Segment Open

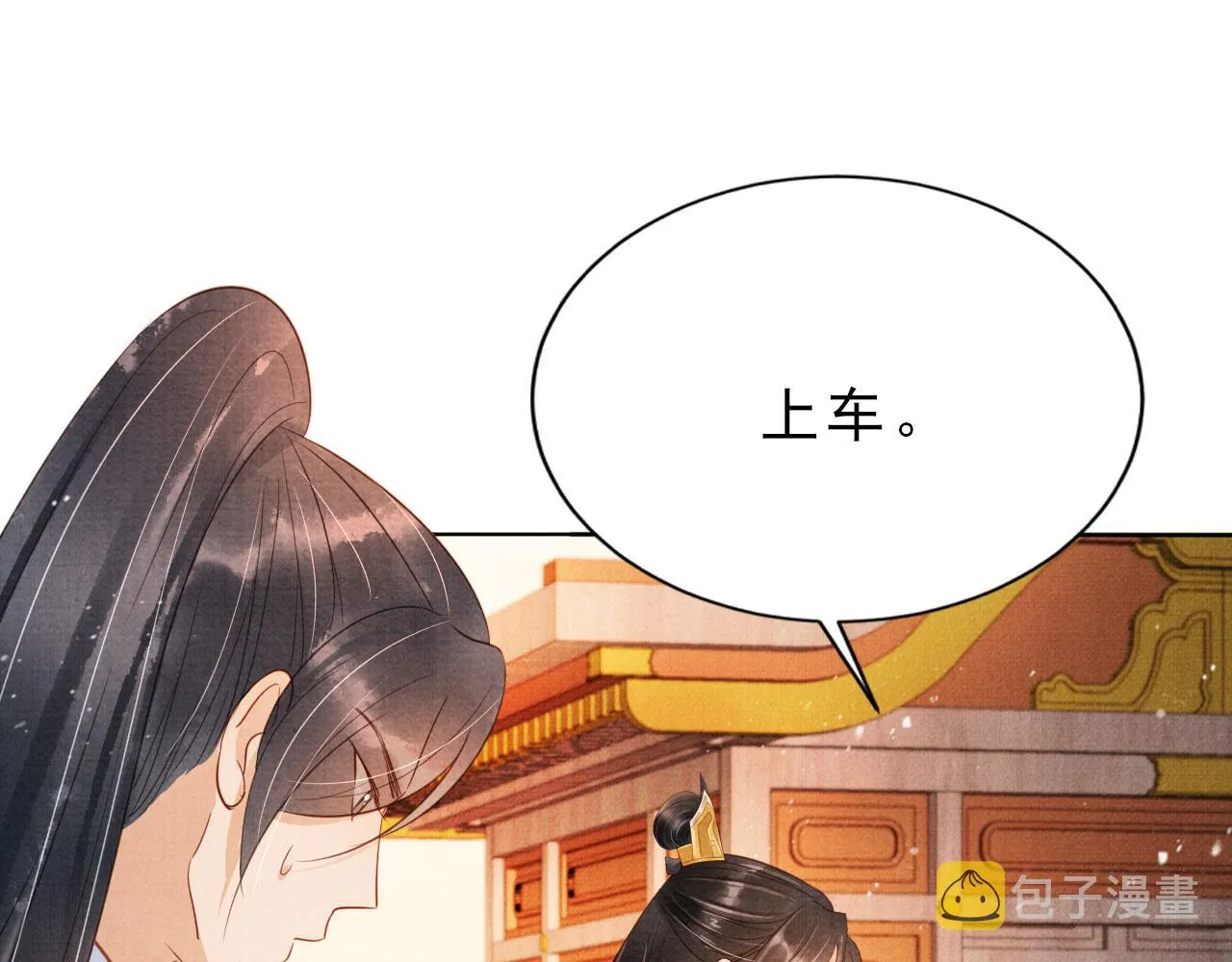 第84话 刑场上的不是他！ 第38页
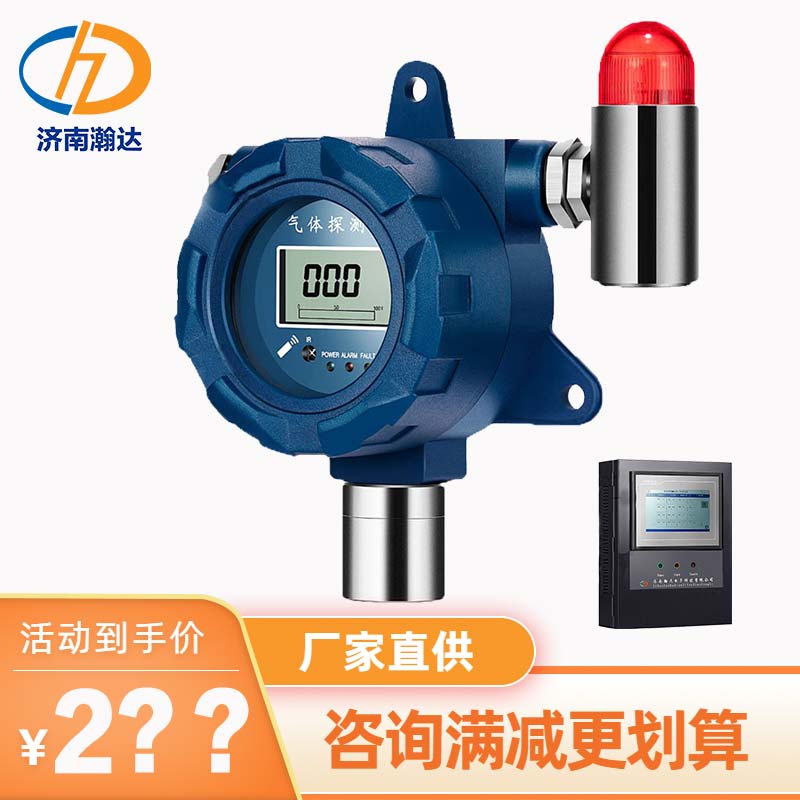 瀚达T700臭氧气体报警器 点型臭氧检测报警器 有毒气体探测器生产厂家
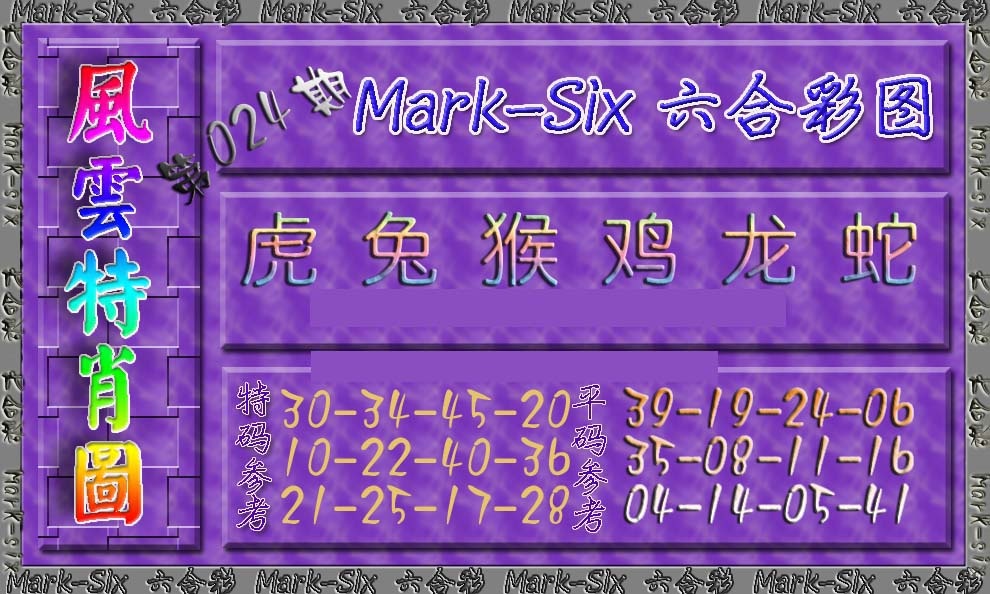 024期风云特肖图[图]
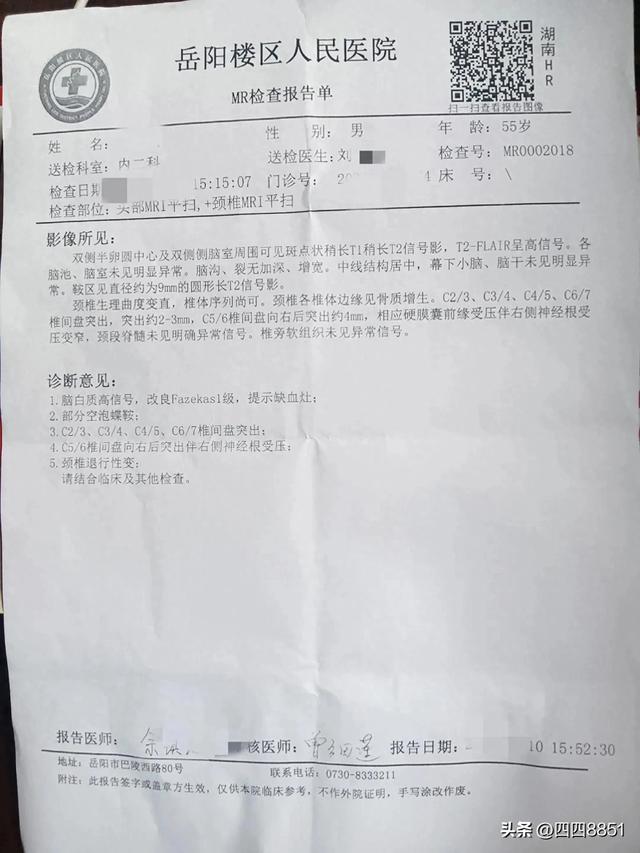 与头条陪伴的日子，我坚持做起了颈椎操-1.jpg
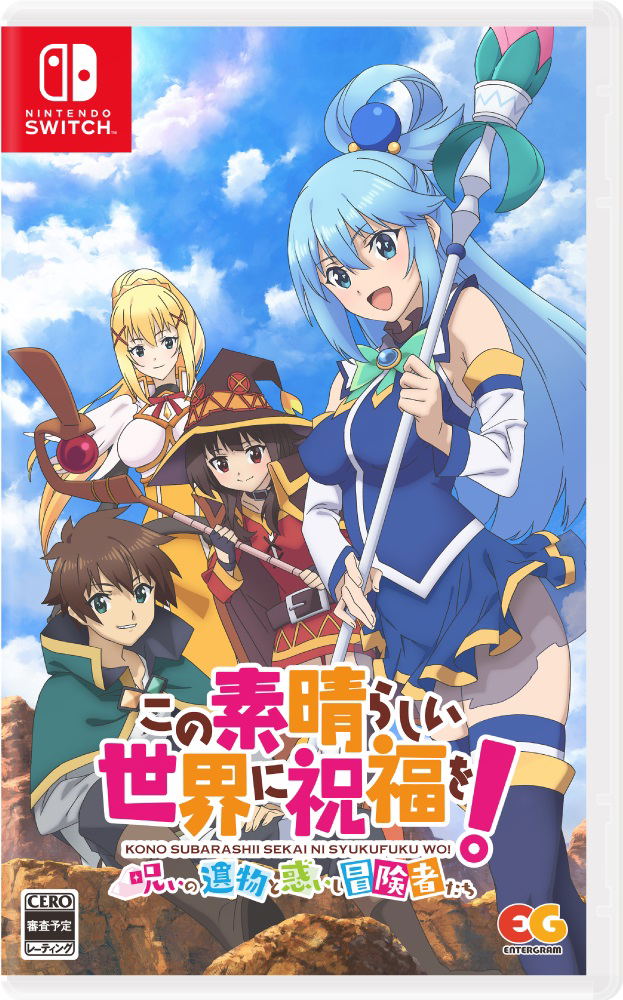 Kono Subarashii Sekai ni Shukufuku Wo! ~ Noroi no Ibutsu to Madoishi Bokensha-tachi ~ image 1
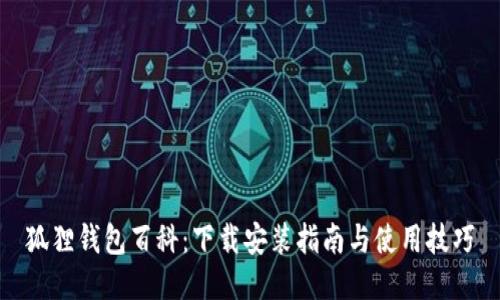 狐狸钱包百科：下载安装指南与使用技巧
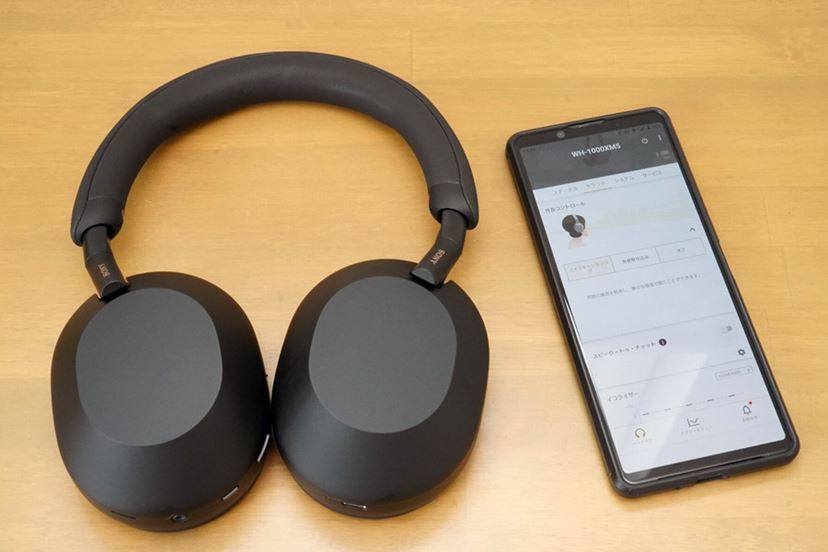 ノイキャン性能や音質が結構違う！ ソニーのノイキャンヘッドホン「WH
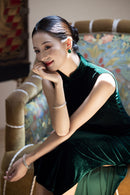 Emerald Green Modern Qipao Midi | Sleeveless Mandarin Neck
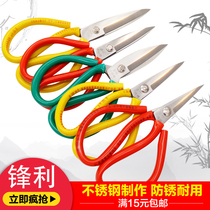 Household Scissors Industrial Civil Kitchen Shears Leather Tailor Sewing Cloth Handmade Sharp Pointed Big Head Scissors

Segment Closed

WHAT THE EXERCISE ASKS
Set down each of the records precisely, leaving any pictures behind.

ANSWER TO THIS PROBLEM
 第84话 刑场上的不是他！ 第38页
 瀚达T700臭氧气体报警器 点型臭氧检测报警器 有毒气体探测器生产厂家
 024期风云特肖图[图]
 与头条陪伴的日子，我坚持做起了颈椎操-1.jpg
 Kono Subarashii Sekai ni Shukufuku Wo! ~ Noroi no Ibutsu to Madoishi Bokensha-tachi ~ image 1
 狐狸钱包百科：下载安装指南与使用技巧
 ノイキャン性能や音質が結構違う！ ソニーのノイキャンヘッドホン「WH
 Emerald Green Modern Qipao Midi | Sleeveless Mandarin Neck
 Household Scissors Industrial Civil Kitchen Shears Leather Tailor Sewing Cloth Handmade Sharp Pointed Big Head Scissors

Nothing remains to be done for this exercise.